- **Short descriptive text snippets**

'''

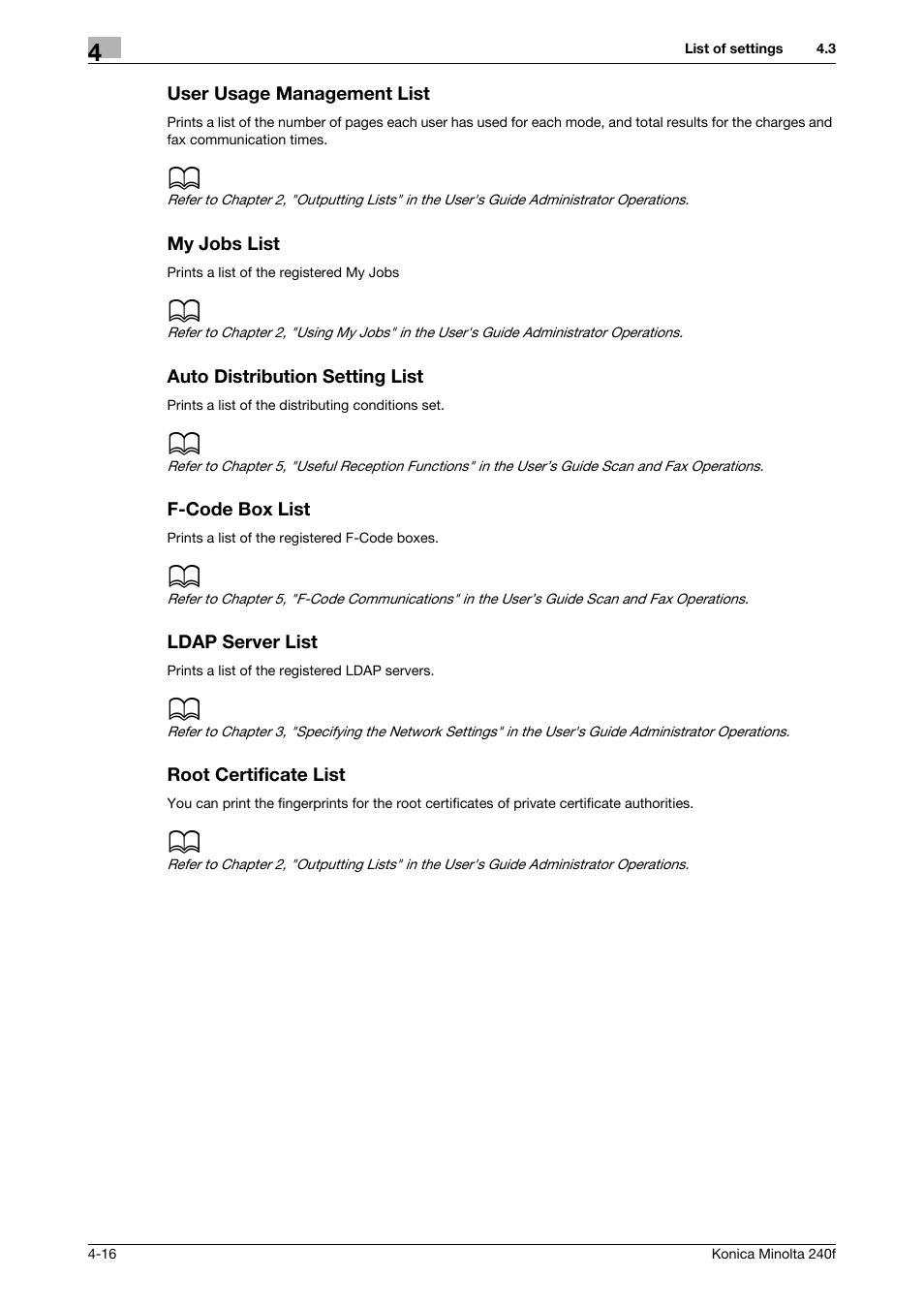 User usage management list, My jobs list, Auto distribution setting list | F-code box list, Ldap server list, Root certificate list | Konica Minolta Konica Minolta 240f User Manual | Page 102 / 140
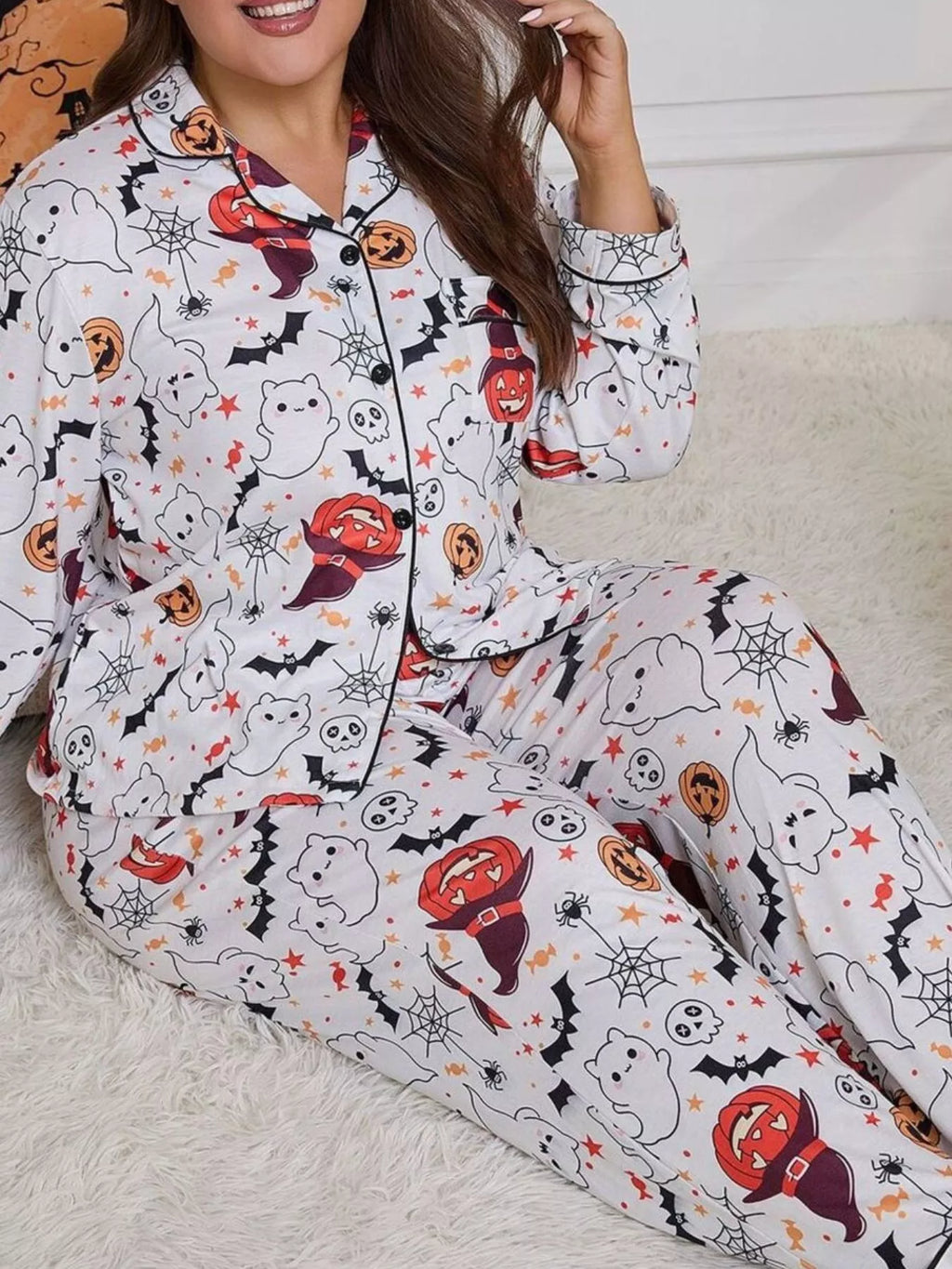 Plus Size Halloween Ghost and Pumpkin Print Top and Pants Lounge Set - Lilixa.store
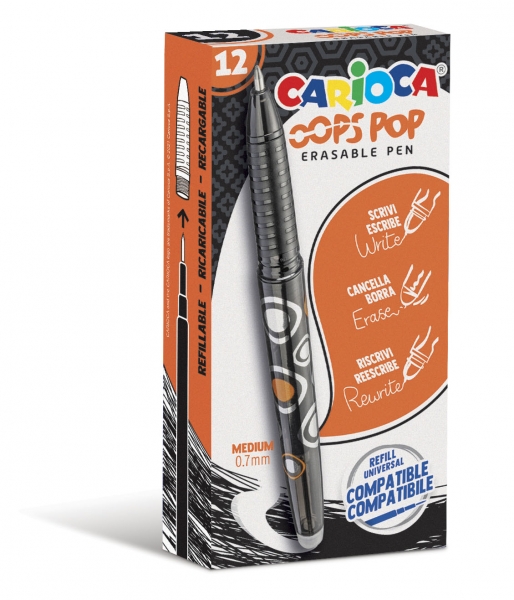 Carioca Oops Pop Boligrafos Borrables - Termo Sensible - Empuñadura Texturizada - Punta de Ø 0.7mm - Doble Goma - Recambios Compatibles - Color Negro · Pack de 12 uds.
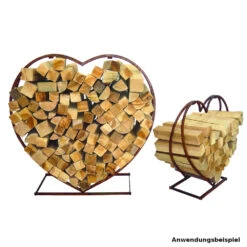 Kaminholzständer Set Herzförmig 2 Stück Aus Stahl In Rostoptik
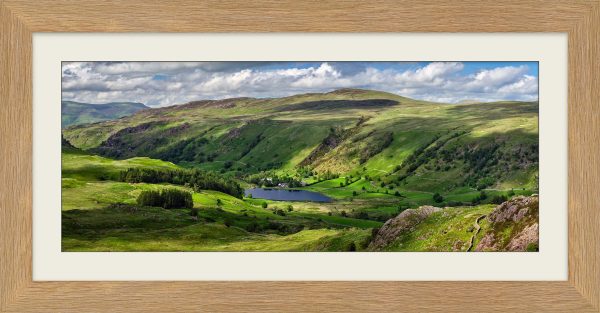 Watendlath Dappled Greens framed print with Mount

'''

- **EXERCISE**
With pictures omitted, reproduce exactly the lines from the line containing "Kaminholzständer Set Herzförmig" through the end of the data above.

- **ANSWER BOX**
 Kaminholzständer Set Herzförmig 2 Stück Aus Stahl In Rostoptik
 Watendlath Dappled Greens framed print with Mount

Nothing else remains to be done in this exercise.